# growling and biteing



## melissajean (Mar 12, 2010)

Kira has been growling at us when we pick her up. I read in a book to use a word to let her know when you're picking up a small dog, but even then she gets feisty. I put a hand under her chest and one under her butt so she is fully suported. she will also growl when I touch her legs, or her tail area. any sugestions? I try to touch her all over when ever possible, just so she ges used to it. sometimes she growls, sometimes she dosent. and the biteing is just puppy biteing, but obveously I dont want this to contine lol


----------



## cbrand (Aug 9, 2009)

Being able to handle a dog in every way is an important part of dog ownership. If you can not handle her, how is a groomer or vet going to? How old is this puppy? What variety is she? Where did she come from?

I would take her to a vet right away to rule out any physical problem like luxating patellas or Legg-Calve Perthes that might be causing pain to her rear legs. 

If she is healthy but just being a brat, I would keep a leash on her any time she is out of her crate so that you can handle her better. Any growling is to be scolded followed by a collar pop correction. Nice behavior? Praise Praise Praise! TREAT!

Do you have a grooming table? If not you can use a counter or kitchen table with a non-skid mat to stand on. I would get her used to being on a table and handled. Touch her with your hands in places she does not like. If she is good PRAISE PRAISE PRAISE. If not.... firm correction.


----------



## partial2poodles (Feb 11, 2010)

I firmly agree. VET FIRST then do everything to touch her (keeping a treat pouch on your waistband all day long. I would not allow her to treat me disrespectfully.


----------



## melissajean (Mar 12, 2010)

thanks guuys. She was just at the vets yesterday, got everything checked out. she just turned 12 weeks last Sunday. Its usually when she dosent want you to do something, like if she is playfull and whatnot, and we go to pick her up. one day she didnt want me petting her tummy :wacko: She is toy Poodle. (Up to 4 lbs lol) We put a bath mat on the washing machine when we groom her. We shaved her feet, cut her hair down a bit cause it was catching on bushes when we go out to the woods, and she did great. was afraid at first, then just settled down and laid there (Im sure all the treats helped lol) Im trying to enforce the Im the alpha. I make her wait for her food, sit, lay down, or come for treats, go through door ways first. she is just one stubborn buger lol


----------



## JE-UK (Mar 10, 2010)

*Stroppy pups*

My male miniature went through a similar stage, about 16 weeks, where he just decided that he would set the rules for where he was touched, when picked up,etc. I did not agree ;-). 

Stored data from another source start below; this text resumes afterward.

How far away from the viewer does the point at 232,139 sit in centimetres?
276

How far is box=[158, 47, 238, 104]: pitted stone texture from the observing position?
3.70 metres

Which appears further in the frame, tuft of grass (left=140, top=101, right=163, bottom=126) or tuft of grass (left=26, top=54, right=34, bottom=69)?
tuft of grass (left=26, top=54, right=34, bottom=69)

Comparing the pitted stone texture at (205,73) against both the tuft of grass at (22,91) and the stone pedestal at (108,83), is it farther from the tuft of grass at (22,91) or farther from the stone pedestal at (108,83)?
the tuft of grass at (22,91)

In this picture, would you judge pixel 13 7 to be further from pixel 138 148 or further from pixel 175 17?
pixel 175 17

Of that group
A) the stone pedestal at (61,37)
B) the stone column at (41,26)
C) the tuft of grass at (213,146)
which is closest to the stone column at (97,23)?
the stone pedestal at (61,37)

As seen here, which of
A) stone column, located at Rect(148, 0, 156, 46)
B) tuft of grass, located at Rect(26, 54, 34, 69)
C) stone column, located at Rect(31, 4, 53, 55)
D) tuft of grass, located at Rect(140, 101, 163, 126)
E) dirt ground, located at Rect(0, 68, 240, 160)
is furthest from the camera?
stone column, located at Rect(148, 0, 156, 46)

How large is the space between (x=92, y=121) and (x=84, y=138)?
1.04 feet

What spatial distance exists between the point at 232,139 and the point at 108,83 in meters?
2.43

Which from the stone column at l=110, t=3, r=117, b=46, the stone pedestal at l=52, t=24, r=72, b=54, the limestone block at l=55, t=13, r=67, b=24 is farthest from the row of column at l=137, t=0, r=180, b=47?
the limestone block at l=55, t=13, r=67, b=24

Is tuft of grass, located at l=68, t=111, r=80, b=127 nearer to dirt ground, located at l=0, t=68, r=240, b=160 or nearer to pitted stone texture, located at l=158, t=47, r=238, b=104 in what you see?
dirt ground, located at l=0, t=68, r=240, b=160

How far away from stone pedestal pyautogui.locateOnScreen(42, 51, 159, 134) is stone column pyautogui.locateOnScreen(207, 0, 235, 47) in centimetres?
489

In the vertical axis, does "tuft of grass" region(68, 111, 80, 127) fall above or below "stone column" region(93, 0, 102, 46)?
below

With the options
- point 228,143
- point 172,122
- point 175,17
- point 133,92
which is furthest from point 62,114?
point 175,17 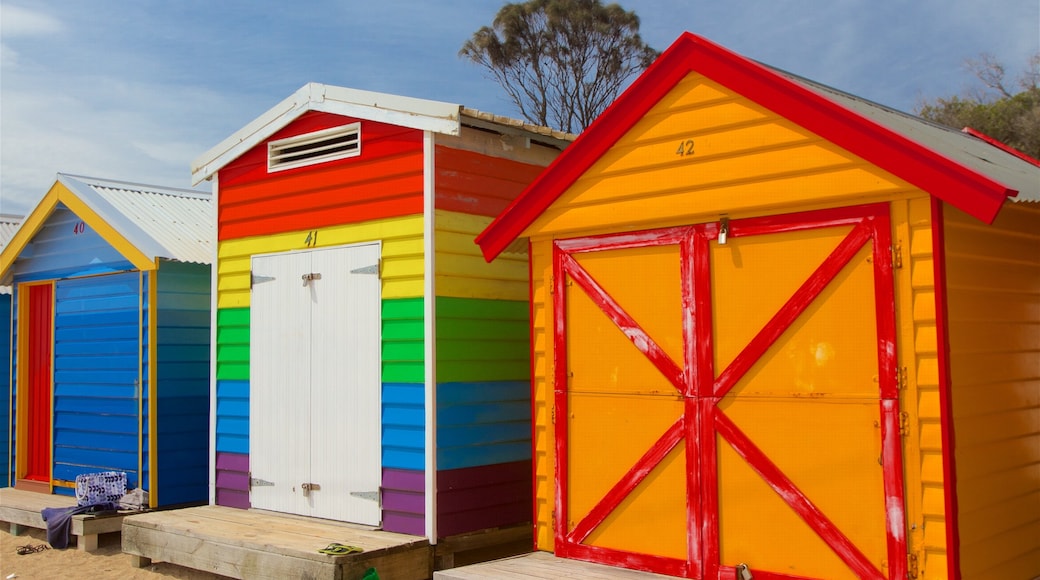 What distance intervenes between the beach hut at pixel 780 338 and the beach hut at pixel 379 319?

We did (and still do) lots and lots of work (with happy voice and treats) on touching anywhere I want, handling paws, picking up, etc. Any grumbling on his part gets him a) firm 'no' and b) more of whatever he was objecting to. He's fine now, but helps that we are just getting out of the muddiest winter ever, where he was getting his feet/tummy cleaned three times a day.


----------



## melissajean (Mar 12, 2010)

Thanks. im trying to do something simuler. if she growls we tell her no, and then keep doing that untill she stops growling and when not, then we stop and she gets a treat. she is getting sorta better lolShe still has her moments.
I wanted to get a pic of Kira playing in the mud, but it was the one time when she didnt go crazy for mud lol


----------